Narasumber
Meskipun awalnya saya cukup kebingungan untuk mencari narasumber ketika diberi tugas kedua ini, akhirnya saya mewawancara ibu saya yang bernama Henriette Maulana. Beliau lahir di Balikpapan pada tanggal 20 November 1962. Beliau merupakan anak kelima dari enam bersaudara, lahir dari John Fritz Tontey dan Theresia Maria. Ketika TK dan SD beliau menimba ilmu pengetahuan di Balikpapan, namun ketika SMP dikarenakan ayah beliau meninggal dunia, akhirnya beliau pindah ke Surabaya. Beliau menamatkan pendidikan sarjananya di Universitas Surabaya di Surabaya dan mengambil jurusan hukum. Beliau menikah pada tahun 1992 dengan Chandra Maulana, yakni ayah saya. Dan memiliki empat anak, saya adalah anak pertama.
Kerusuhan Mei 1998
Kerusuhan Mei 1998 adalah kerusuhan yang terjadi di Indonesia pada 13 – 15 Mei 1998, khususnya di ibu kota Jakarta namun juga terjadi di beberapa daerah lain. Kerusuhan ini diawali oleh krisis finansial Asia dan dipicu oleh tragedi Trisakti di mana empat mahasiswa Universitas Trisakti ditembak dan terbunuh dalam demonstrasi 12 Mei 1998.

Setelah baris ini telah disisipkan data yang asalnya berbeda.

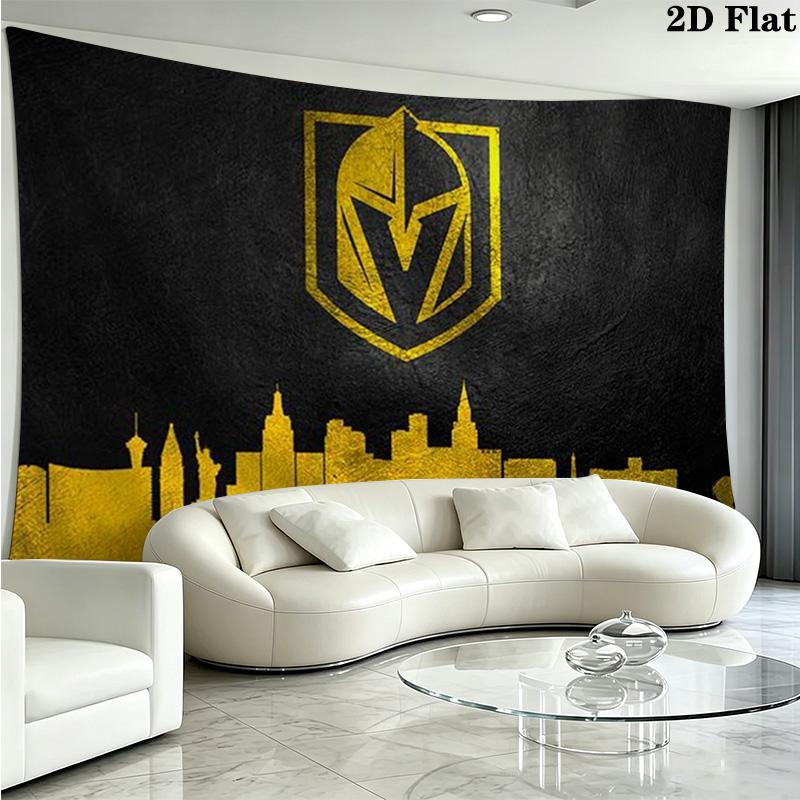 Vegas Golden Knights Wall Tapestry Aesthetic Wall Hanging Printed Fabric Blanket Decorative Tapestries for Bedroom Living Room Home Decor
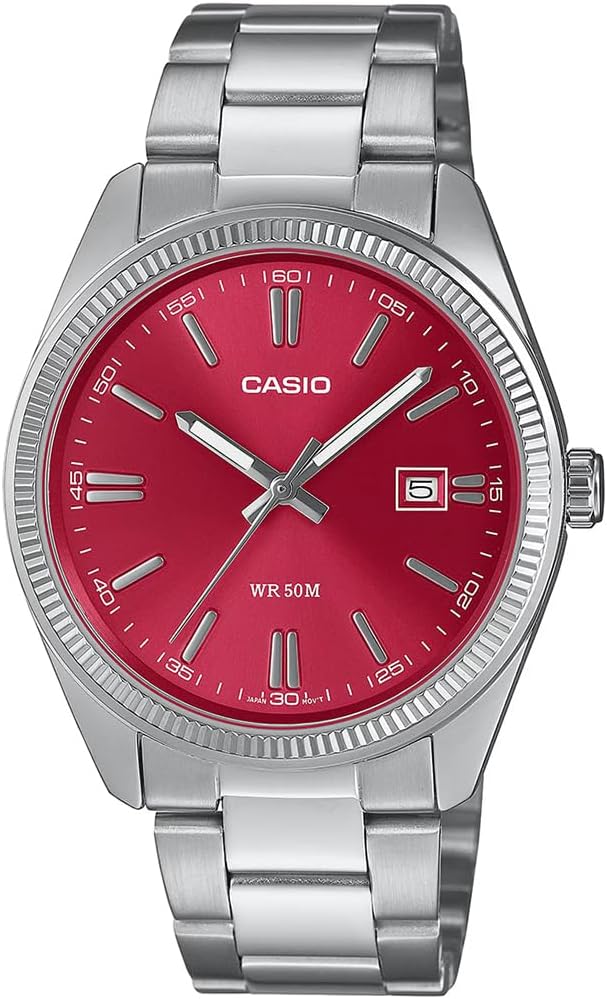 Casio MTP-1302PD-4AVEF Collection Watch Red MTP-1302PD-4AVEF-AMZUK, red, MTP-1302PD-4AVEF-AMZUK
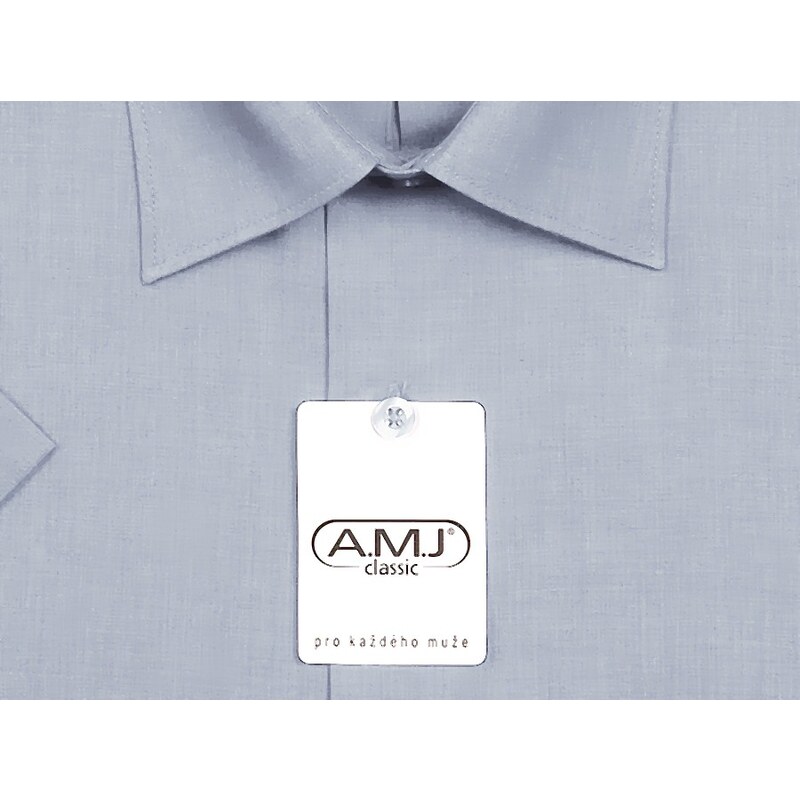 Pánská košile AMJ jednobarevná JK082, holubí šeď, krátký rukáv
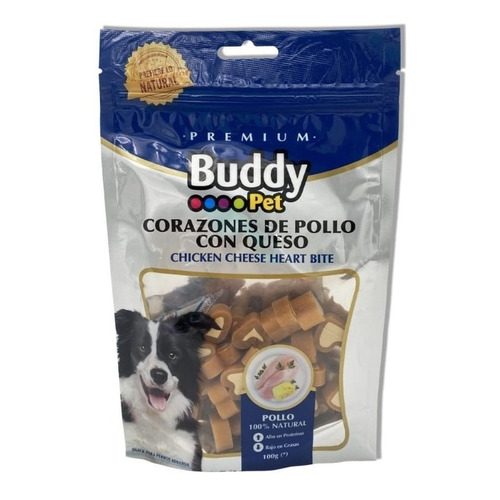 Snack Perros Buddy Pet Corazones De Pollo Con Queso Premios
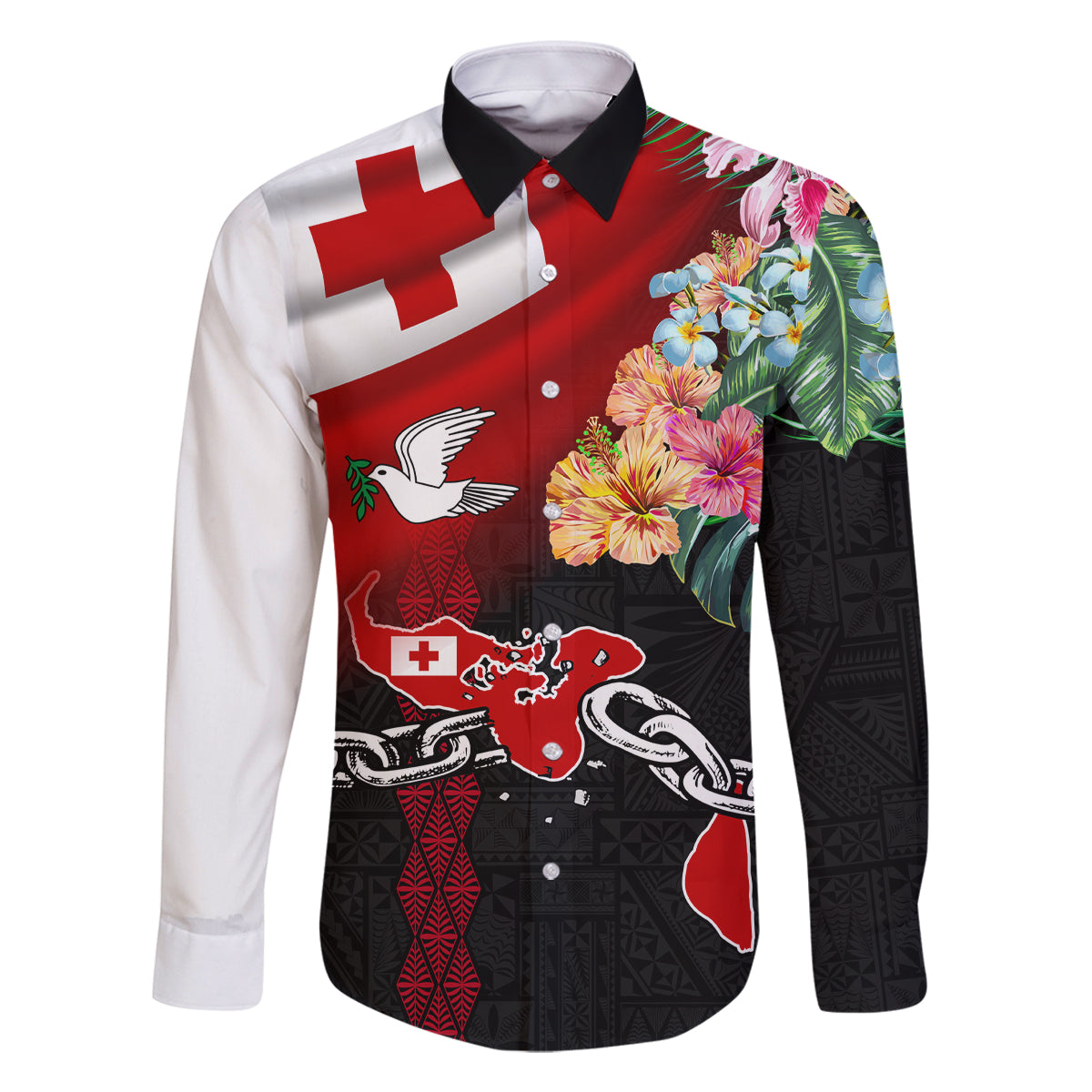 Personalised Tonga Emancipation Day Family Matching Off Shoulder Short Dress and Hawaiian Shirt Flag Map and Hibiscus Flower Ngatu Pattern LT03 Dad's Shirt - Long Sleeve Black - Polynesian Pride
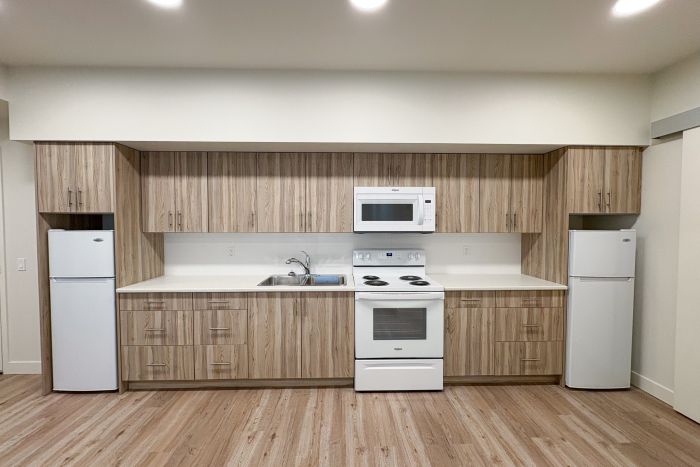 Kitchen in Vernon campus housing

Pada kerusuhan ini banyak toko-toko dan perusahaan-perusahaan dihancurkan oleh amuk massa — terutama milik warga Indonesia keturunan Tionghoa. Konsentrasi kerusuhan terbesar terjadi di Jakarta, Bandung dan Surakarta. Terdapat ratusan wanita keturunan Tionghoa yang diperkosa dan mengalami pelecehan seksual dalam kerusuhan tersebut. Sebagian bahkan diperkosa beramai-ramai, dianiaya secara sadis, kemudian dibunuh. Dalam kerusuhan tersebut, banyak warga Indonesia keturunan Tionghoa yang meninggalkan Indonesia. Tak hanya itu, seorang aktivis relawan kemanusiaan yang bergerak di bawah Romo Sandyawan, bernama Ita Martadinata Haryono, yang masih seorang siswi SMU berusia 18 tahun, juga diperkosa, disiksa, dan dibunuh karena aktivitasnya. Ini menjadi suatu indikasi bahwa kasus pemerkosaan dalam Kerusuhan ini digerakkan secara sistematis, tak hanya sporadis.
Amuk massa ini membuat para pemilik toko di kedua kota tersebut ketakutan dan menulisi muka toko mereka dengan tulisan "Milik pribumi" atau "Pro-reformasi". Peristiwa ini mirip dengan Kristallnacht di Jerman pada tanggal 9 November 1938 yang menjadi titik awal penganiayaan terhadap orang-orang Yahudi dan berpuncak pada pembunuhan massal atas mereka di hampir seluruh benua Eropa oleh pemerintahan Jerman Nazi.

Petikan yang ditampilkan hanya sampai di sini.